◆ **Exercise goal**: Copy all the lines of the listing below exactly. Skip the images.

------------

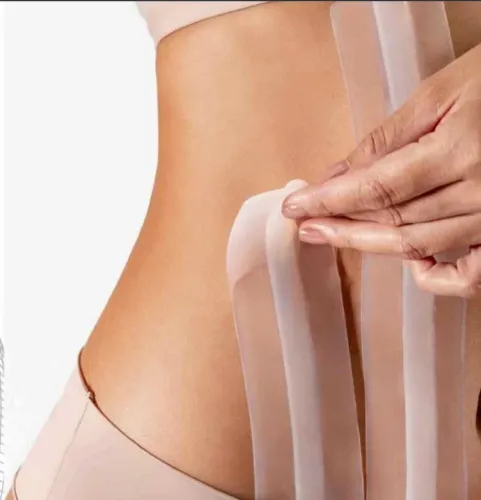 Canaleta pos lipo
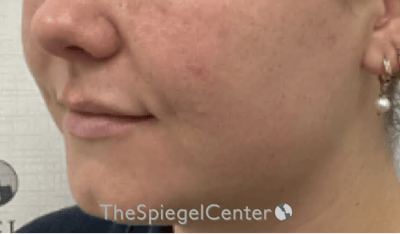 Lip Filler Before & After Gallery - Patient 487275 - Image 5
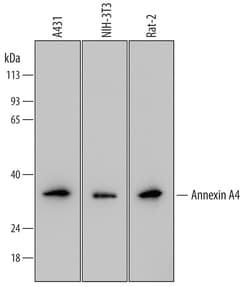 Human Annexin A4 Antibody, R D Systems 100ug; Unlabeled:Antibodies, Monoclonal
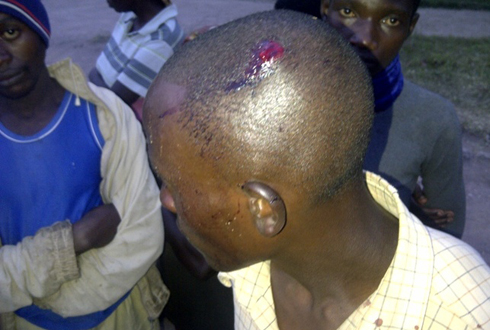 Ntirugiribambe yakomerekeje umukuru w'umudugudu wa Nyabinyenga abwo bashakaga kumuta muri yombi.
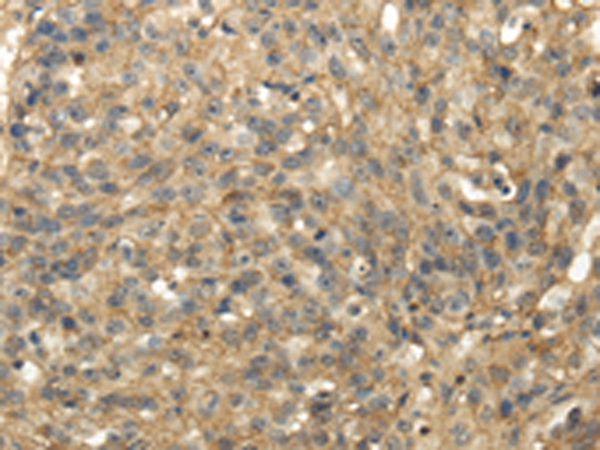 TACSTD2 Antibody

------------

◆ **Answer space**:
 Canaleta pos lipo
 Lip Filler Before & After Gallery - Patient 487275 - Image 5
 Human Annexin A4 Antibody, R D Systems 100ug; Unlabeled:Antibodies, Monoclonal
 Ntirugiribambe yakomerekeje umukuru w'umudugudu wa Nyabinyenga abwo bashakaga kumuta muri yombi.
 TACSTD2 Antibody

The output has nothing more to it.